7:02 PM 9 September 2025
  • U.S. index futures are trading higher despite an alarmingly large downward revision to labor market data. According to the Bureau of Labor Statistics (BLS), between 2024 and March 2025, the U.S. economy shed 911,000 jobs, compared to forecasts of around 700,000 and the previous estimate of nearly 820,000.
  • The US30 contract is up nearly 0.4%, the US100 gains 0.2%, and the S&P 500 is also higher, supported by investor optimism over potential Federal Reserve rate cuts. Investors await Oracle (ORCL.US) earnings report, scheduled after the session on Wall Street
  • The U.S. Department of Labor reported a historic negative revision of –911,000 jobs in March, the largest correction in the indicator’s history. This drastic revision deepens concerns over labor market conditions and significantly raises the likelihood of decisive Fed action in the form of interest rate cuts. Recession fears are beginning to surface more prominently.
  • Secondary U.S. economic data painted a more optimistic picture. Comparable sales in department stores (U.S. Redbook) rose 6.6% YoY in July, while small business sentiment, measured by the NFIB Index, improved to 100.8 vs. 100.5 expected. These figures partially contradict the recession narrative implied by labor market data.
  • Fitch Ratings now forecasts two Fed rate cuts this year (September and December) and three more in 2026. The agency slightly raised its global GDP growth forecast but warned that slowdown risks are building in the U.S. economy. Meanwhile, Citi analysts argued that a September Fed cut is not guaranteed, pointing to data indicating resilient U.S. consumption.
  • U.S. equities are led higher today by the technology sector, with Alphabet and Meta Platforms both up more than 1.5%. On the other hand, Apple shares are down over 0.5%, as investors deemed the announcements from the Apple Event, including the iPhone 17 launch, insufficiently optimistic.
  • European stocks also advanced, supported by improved sentiment following the weaker-than-expected U.S. jobs report, which boosted expectations of more aggressive Fed cuts. Indices such as EURONEXT 100, CLIMATE EUROPE, and NEXT BIOTECH gained between 0.3–0.8%.
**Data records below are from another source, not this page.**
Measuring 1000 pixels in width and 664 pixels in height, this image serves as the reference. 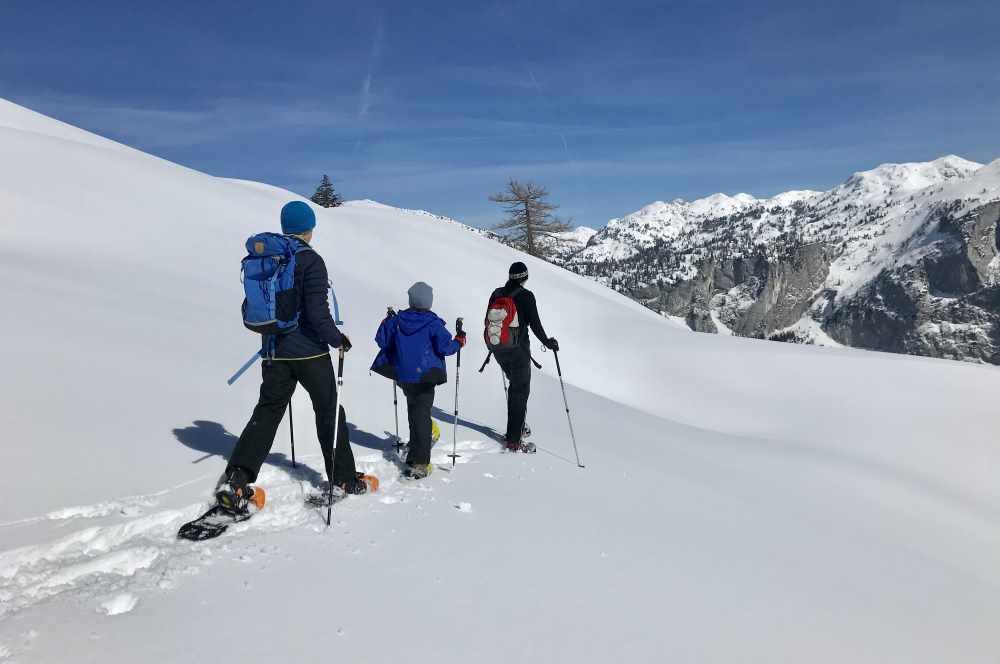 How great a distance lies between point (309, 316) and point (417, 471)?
225 centimetres

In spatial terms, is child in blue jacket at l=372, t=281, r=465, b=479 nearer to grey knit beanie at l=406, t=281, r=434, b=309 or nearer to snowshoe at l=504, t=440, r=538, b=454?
grey knit beanie at l=406, t=281, r=434, b=309

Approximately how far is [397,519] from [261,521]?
109cm

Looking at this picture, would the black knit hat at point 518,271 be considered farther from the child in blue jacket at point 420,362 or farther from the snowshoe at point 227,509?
the snowshoe at point 227,509

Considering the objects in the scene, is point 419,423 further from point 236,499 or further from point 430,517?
point 236,499

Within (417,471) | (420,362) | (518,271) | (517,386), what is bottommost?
(417,471)

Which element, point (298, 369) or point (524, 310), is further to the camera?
point (524, 310)

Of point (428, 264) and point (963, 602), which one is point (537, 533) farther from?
point (428, 264)

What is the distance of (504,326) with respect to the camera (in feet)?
25.0

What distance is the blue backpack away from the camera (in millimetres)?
4391

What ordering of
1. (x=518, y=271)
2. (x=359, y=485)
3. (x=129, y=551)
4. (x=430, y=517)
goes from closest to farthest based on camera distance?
1. (x=129, y=551)
2. (x=430, y=517)
3. (x=359, y=485)
4. (x=518, y=271)

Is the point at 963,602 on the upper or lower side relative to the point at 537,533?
lower

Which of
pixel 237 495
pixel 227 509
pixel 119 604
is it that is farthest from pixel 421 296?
pixel 119 604

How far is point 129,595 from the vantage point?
3.23m

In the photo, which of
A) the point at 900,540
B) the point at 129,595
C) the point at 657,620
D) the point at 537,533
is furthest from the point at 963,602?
the point at 129,595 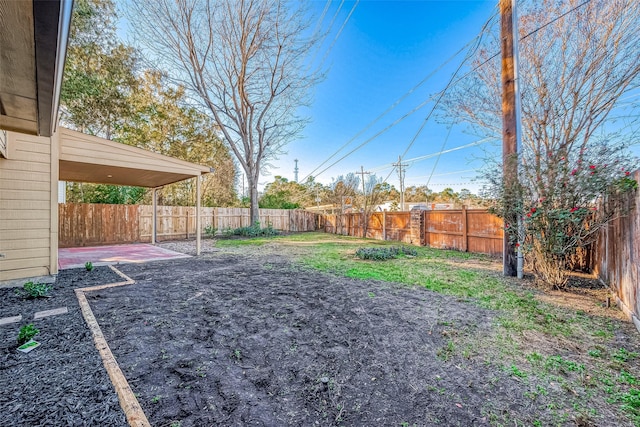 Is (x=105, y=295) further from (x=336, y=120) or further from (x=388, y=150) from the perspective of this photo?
(x=388, y=150)

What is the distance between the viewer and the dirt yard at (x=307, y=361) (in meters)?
1.43

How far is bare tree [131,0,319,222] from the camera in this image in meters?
10.5

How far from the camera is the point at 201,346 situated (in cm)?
213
The commodities market saw mixed moves:

  • Gold continues its rally, approaching another record near $3,660, fueled by concerns over budget deficits and inflation.

  • Cocoa rose 1.5%, though the rebound remains weak after prices recently hit 10-month lows.

  • Oil and industrial metals posted moderate declines, partly following the latest STEO report.

In cryptocurrencies, buying pressure remains evident, with most major tokens advancing. Bitcoin rebounded above $60,000, holding steady gains, while Ethereum benefited from expectations of further Fed policy easing, which supports risk assets.